To w tej jednej chwili Yifan poczuł, że nigdy nie będzie mógł powiedzieć Chanyeolowi o swoich uczuciach. Że te przyjazne relacje, jakie teraz między nimi istnieją, są najwyższym szczytem ich znajomości. Chanyeol wolał dziewczyny i Yifan nic nie mógł na to poradzić.
Od tamtego dnia sam czuł się jakby był po rozstaniu z najbliższą osobą. Nie unikał przyjaciela, co więcej, starał się mu jak najbardziej pomóc w dojściu do siebie. Ale tak naprawdę był sam i dobrze o tym wiedział, bo przecież nikomu nie mógł zdradzić takich myśli. Nie ułatwiał mu tego sam Chanyeol, który w okolicach promocji Growla zaczął spotykać się z Sooyoung, która była na stażu jako pomoc stylistki w ich agencji. Pewnej soboty, kiedy akurat mieli wolne Kris pożałował, że może wchodzić bez pukania do pokoju Chanyeola. Leżeli tam nago na łóżku Parka, całowali się. Jej nogi splecione były wokół jego bioder, a ruchy ich ciał sugerowały, że właśnie uprawiają seks. Na szczęście go nie zauważyli, zatraceni w sobie. Cicho zamknął drzwi czując się tak, jakby ktoś wyrwał mu z piersi serce i rzucił je pod rozpędzony pociąg.

/sierpień 2014/
- Jest...taki chłopak - zaczął wstydliwie jakby bał się, że może coś pomieszać. Doskonale wiedział co ma mówić, ale to nie sprawiało, że słowa choć odrobinę łatwiej wydostawały się z jego ust. Poza tym wiedział, że pokazywanie lęku i niepewności się opłaci. Bo tylko wtedy dostanie czego chce.

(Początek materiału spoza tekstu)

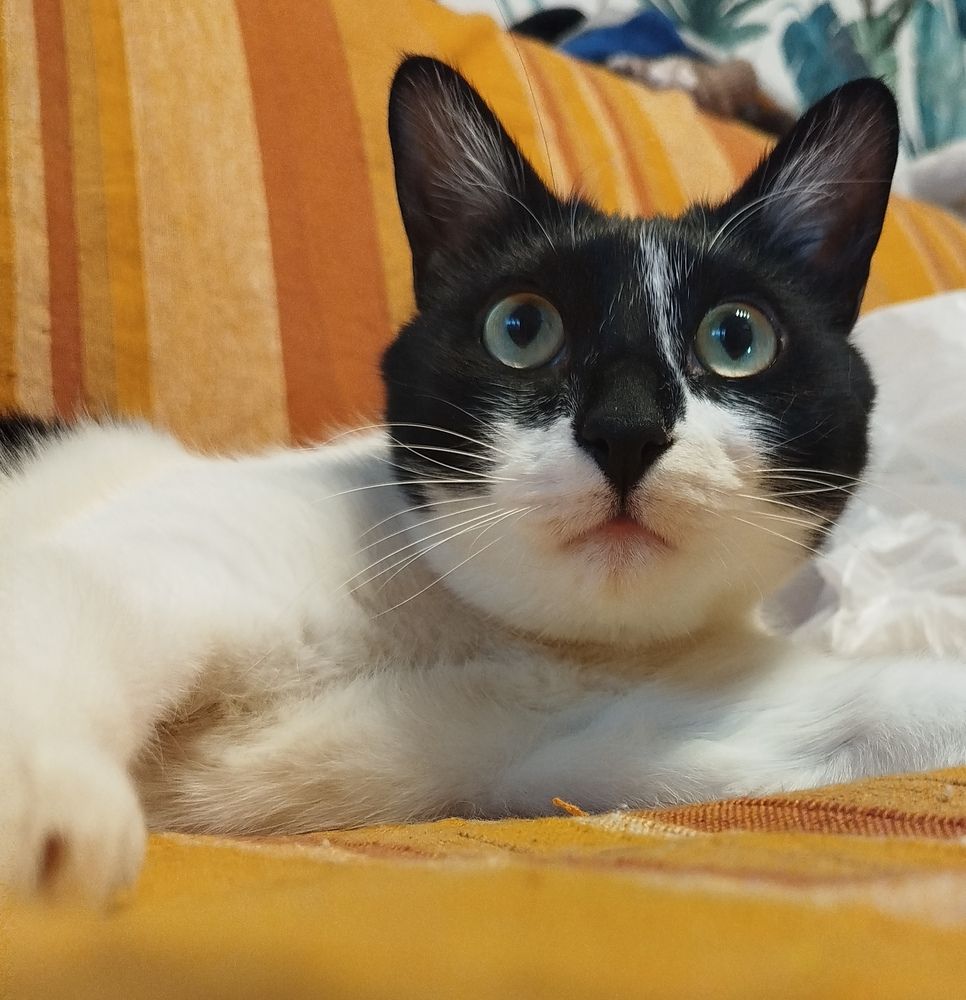 Photograph by Евгения Семёнова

Psycholożka skinęła głową zachęcając go do dalszego mówienia. Otworzył usta, ale żaden dźwięk nie wydobył się z jego ust.
- Spokojnie - powiedziała delikatnie kobieta starając się nie doprowadzić do ataku paniki. Na studiach transseksualizm po prostu ją fascynował. Kiedy ubiegała się o pracę w tym ośrodku nie wiedziała, że przyjdzie jej diagnozować głównie takie osoby właśnie. Trafiali tu ludzie zwykle w okresie adolescencji kiedy to ich ciała zaczynały dojrzewać wbrew ich naturze. Były to osoby w różnym stadium depresji, z wieloma lękami i zaburzeniami. Nie mogła ich o to winić, nie mogła winić ich nieświadomych rodziców. Ale często pomoc nadchodziła za późno. Tak jak tutaj. Rzuciła okiem na kartę pacjenta. Wu Yifan skończy w tym roku 24 lata. Po rozmowie z jego matką nie była pewna dlaczego to robił. Pani Wu nie była apodyktyczna, nie była przesadną tradycjonalistką. Dlaczego dusił to w sobie? Odchrząknęła cicho starając się oczyścić umysł.
- Powiedz mi coś więcej o tym chłopaku. Kochasz go?
Yifan zacisnął dłonie w pięści, a przed jego oczami pojawiła się twarz Chanyeola. Pamiętał te wszystkie rzeczy, które działy się po jego odejściu, ale przecież nie mógł im mieć tego za złe. Nie wiedzieli dlaczego ich opuścił, nie mógł przecież powiedzieć prawdy a tak bardzo nie chciał kłamać. Dlatego odszedł w ciszy i od 15-ego maja bardzo mało było o nim słychać. Zastanawiał się czy czasami go wspominają, czy za nim tęsknią... czy on za nim tęskni?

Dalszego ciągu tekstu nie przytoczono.